**RECORDS SHOWN**:
- Opening Delimiter -
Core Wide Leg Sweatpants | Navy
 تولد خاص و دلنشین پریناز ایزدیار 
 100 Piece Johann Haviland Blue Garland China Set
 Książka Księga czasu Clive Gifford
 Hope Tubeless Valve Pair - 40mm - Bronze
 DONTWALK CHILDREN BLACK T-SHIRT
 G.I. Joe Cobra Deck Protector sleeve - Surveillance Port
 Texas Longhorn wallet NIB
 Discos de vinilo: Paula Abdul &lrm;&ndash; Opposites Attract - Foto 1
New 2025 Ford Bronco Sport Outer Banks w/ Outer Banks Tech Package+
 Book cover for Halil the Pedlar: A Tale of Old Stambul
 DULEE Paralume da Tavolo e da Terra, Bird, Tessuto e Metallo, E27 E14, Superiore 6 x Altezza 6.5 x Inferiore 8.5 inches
- Closing Delimiter -
**TASK ITEM**: Word for word, write out the entries above again.

**SOLUTION BELOW**:
Core Wide Leg Sweatpants | Navy
 تولد خاص و دلنشین پریناز ایزدیار 
 100 Piece Johann Haviland Blue Garland China Set
 Książka Księga czasu Clive Gifford
 Hope Tubeless Valve Pair - 40mm - Bronze
 DONTWALK CHILDREN BLACK T-SHIRT
 G.I. Joe Cobra Deck Protector sleeve - Surveillance Port
 Texas Longhorn wallet NIB
 Discos de vinilo: Paula Abdul &lrm;&ndash; Opposites Attract - Foto 1
New 2025 Ford Bronco Sport Outer Banks w/ Outer Banks Tech Package+
 Book cover for Halil the Pedlar: A Tale of Old Stambul
 DULEE Paralume da Tavolo e da Terra, Bird, Tessuto e Metallo, E27 E14, Superiore 6 x Altezza 6.5 x Inferiore 8.5 inches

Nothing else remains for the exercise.